Yup, Santa brought me my first plane, a Veritas block plane. Now I just
need to learn how to use the thing. :-)
Oh, and I need to get a vise and drill dog holes in my workbench. The
tool buying never ends...
Chances are your sharpening department will inflate too. If you don't
already have them, go right to water stones and skip the
sandpaper-and-glass stuff (that's where everyone seems to end up
anyway.) And of course the sharpening jigs...

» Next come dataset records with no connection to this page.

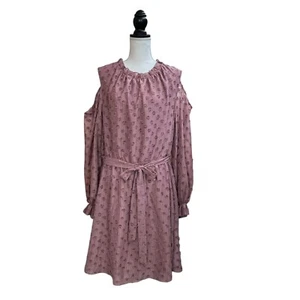 Cato Women's 18-20W Rose Colored Dress Cold Shoulder Dotted Ruffle Neck - Picture 1 of 4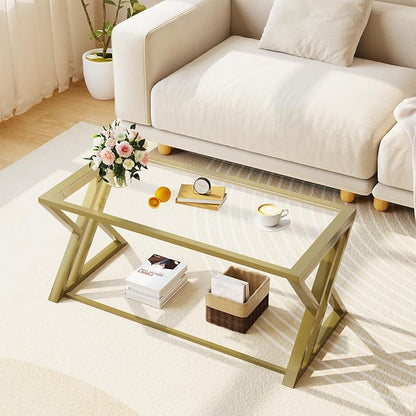 Wolawu Coffee Table Gold Glass Coffee Table for Living Room,Modern Rectangular Center Table with Sturdy Metal Frame,Tempered Glass Table Tea Tables for Bedroom Home Office
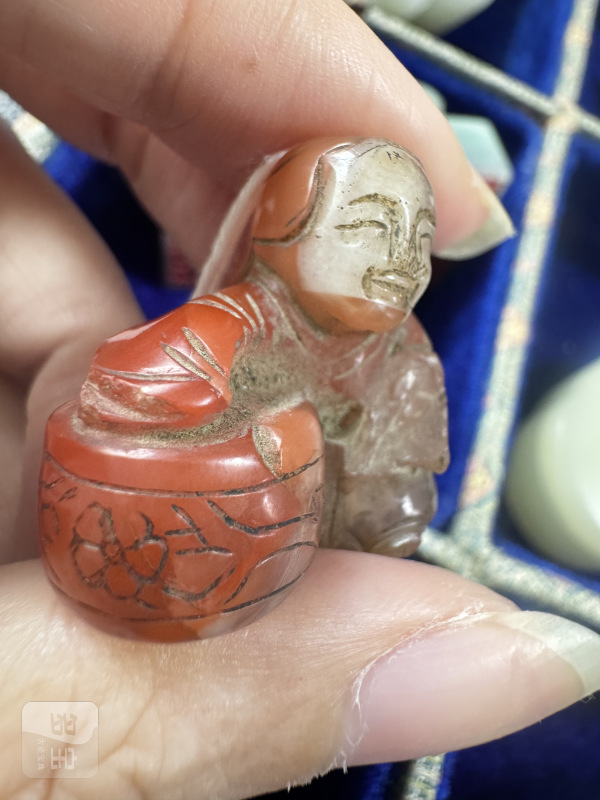清 玛瑙击鼓童子 - 图6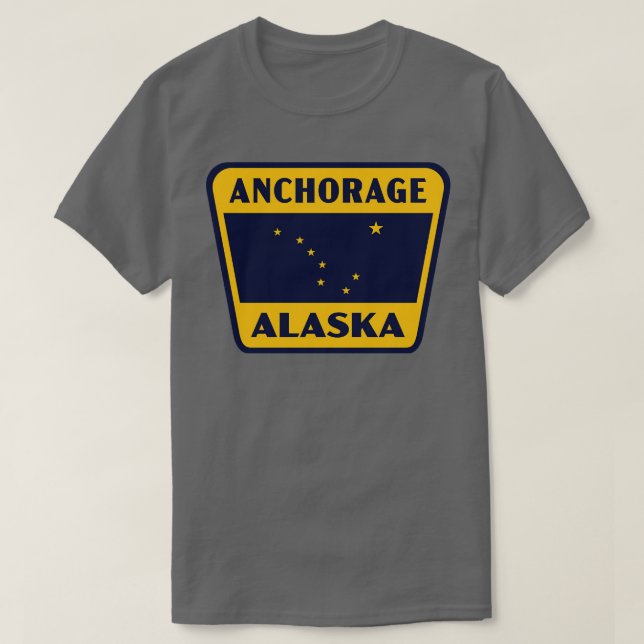 Camiseta Anchorage Alaska Insignia Retro Amarilla (Diseño del anverso)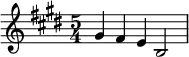  \relative c'' {\time 5/4 \key e \major gis4 fis e b2|}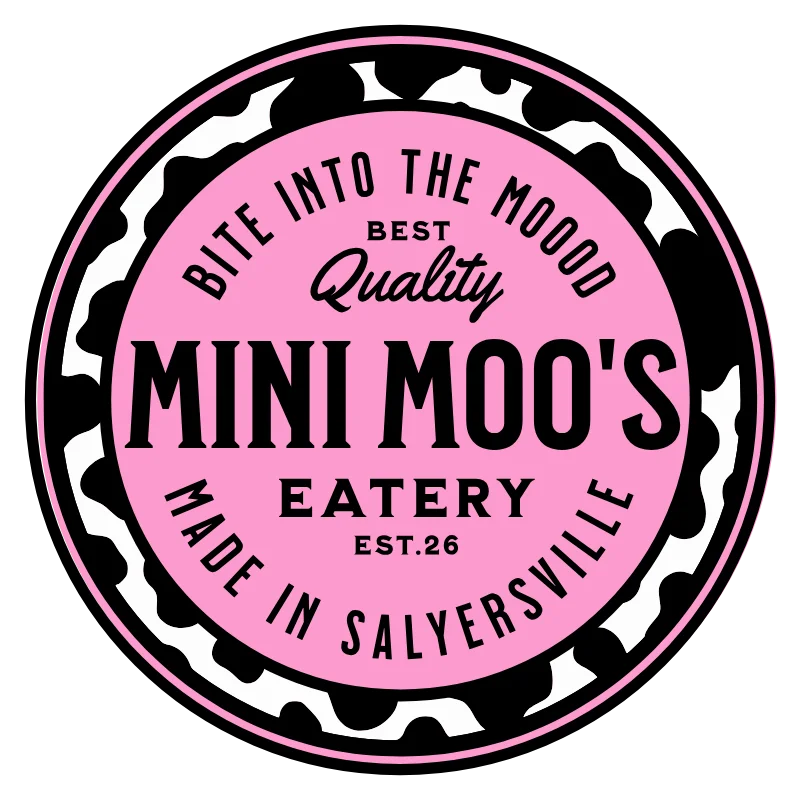 A circular logo in pink and black for an eatery, displaying its name and tagline in a playful font.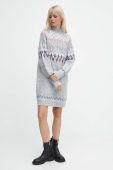 Сукня з домішкою вовни Medicine колір сірий midi пряма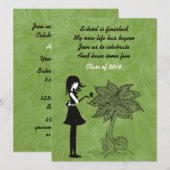 Silhouette Girl, Butterfly en Flower Afstuderen Kaart (Voorkant / Achterkant)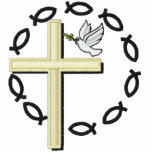 Jesus Fish Encircling Cross embroidered shirts
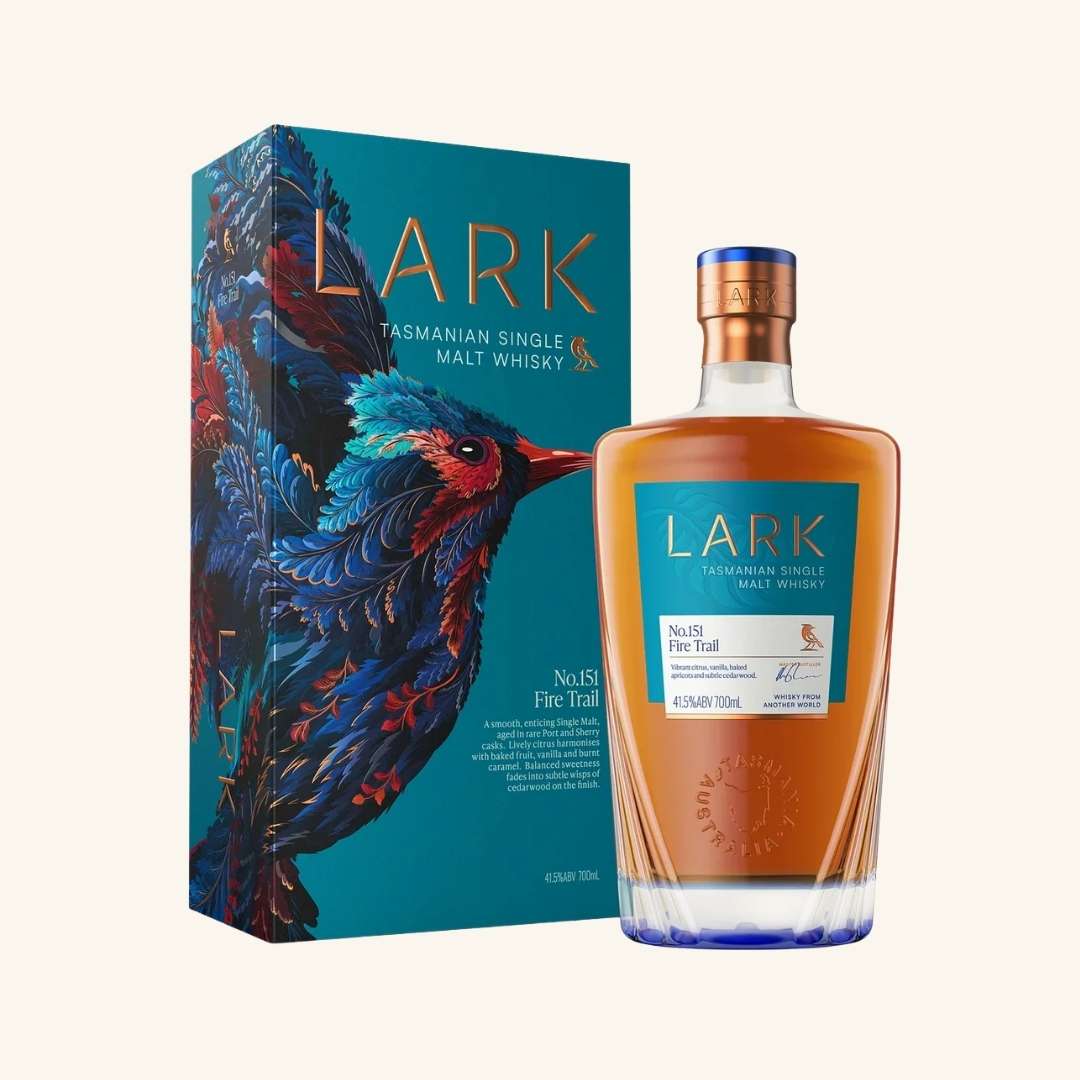 Lark Tasmanian single malt whisky bottle and box on a white background
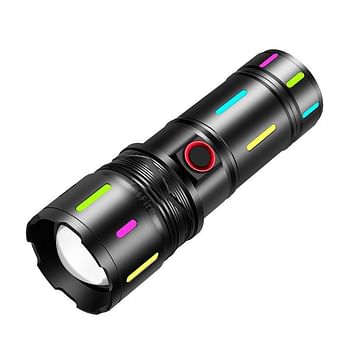 Zoom In Out Aluminium Free USB Type C Flashlight 5 Mode XA-B706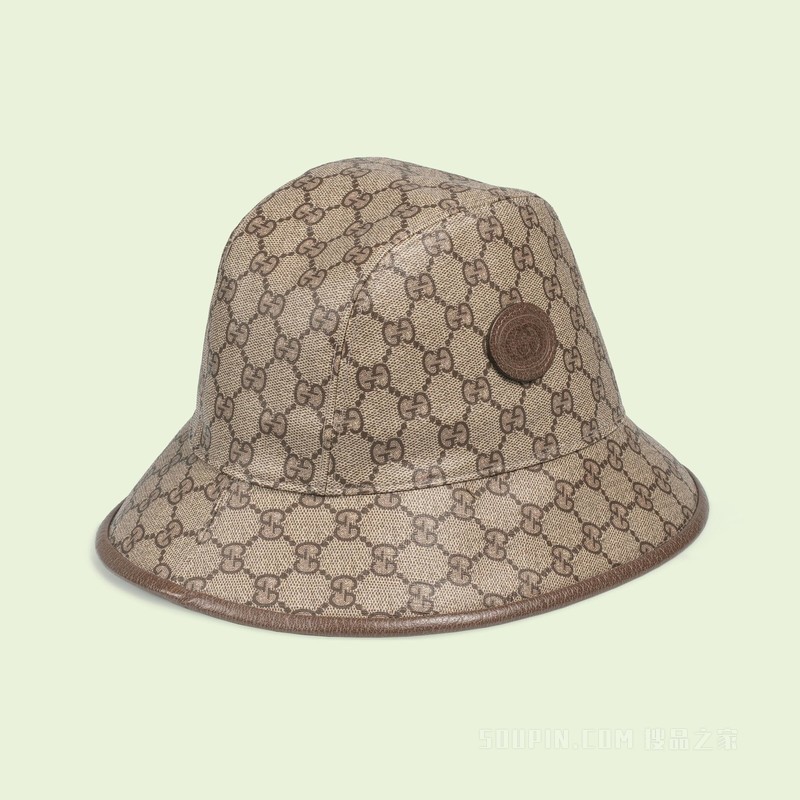 Gucci苹果印花Supreme软呢帽 米色和乌木色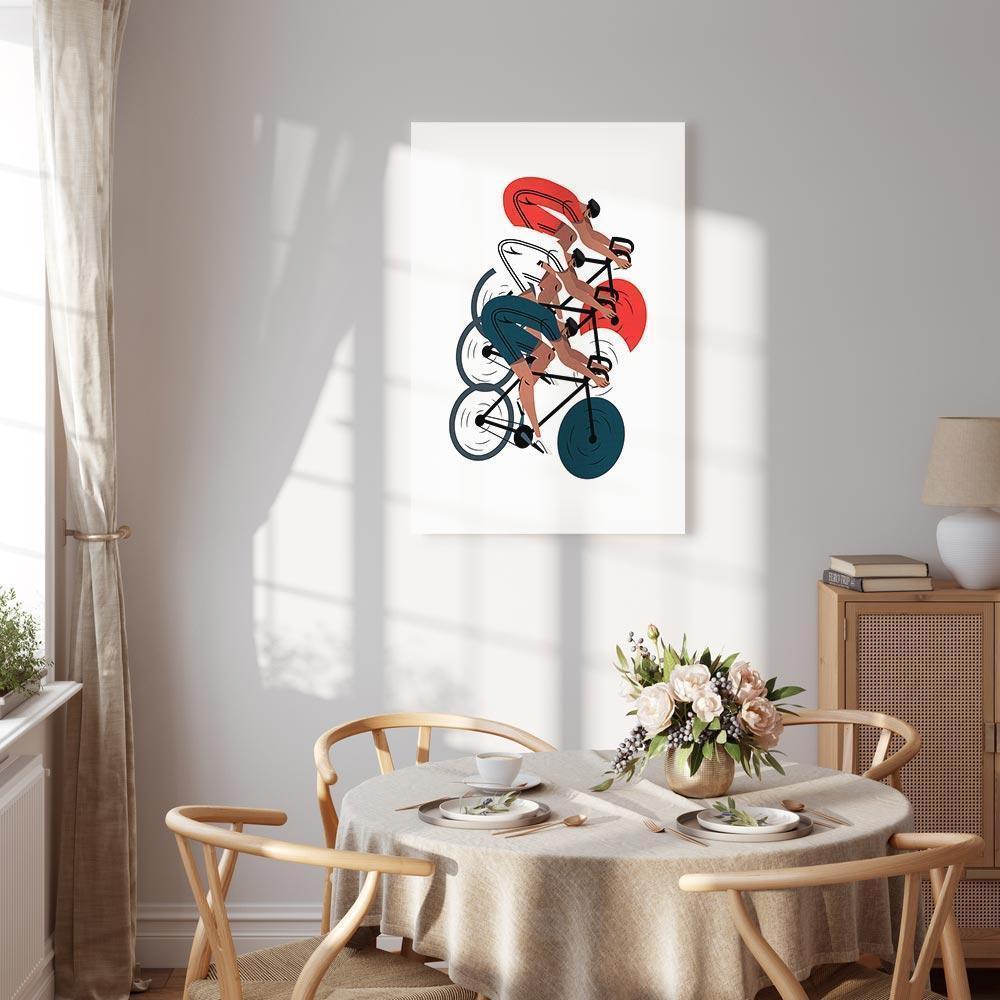 Leinwandbild - Cycling Race Competitors on a Light Background - Illustration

Holy crap! The quantity of sharpening stuff accumulated over a
lifetime of woodworking adds up to quite a lot of $ and can take up a
good bit of space too.
oil stones, waterstones, sandpaper/glass plate system, honing guides
for the previous 3, Then there's the Tormek and it's associated jigs,
etc., etc. Yikes.
Personally, I use a Tormek. Most of the time.
What is your reasoning behind that ???
Do you really feel like the stones are that
superior to sandpaper and glass ?
Gordon Airporte wrote:
If you don't already have them, go right to water stones
and skip the sandpaper-and-glass stuff (that's where everyone
seems to end up anyway.)
BTDT, but I'd recommend sandpaper-and-glass (scary sharp) to a beginner.
The method is inexpensive and one can easily learn and understand the
effect of a progression of grit sizes on sharpening speed and the
After learning these lessons, use whatever works.
(Just bought an Ice Bear 4k stone to replace my worn out King 4k stone.)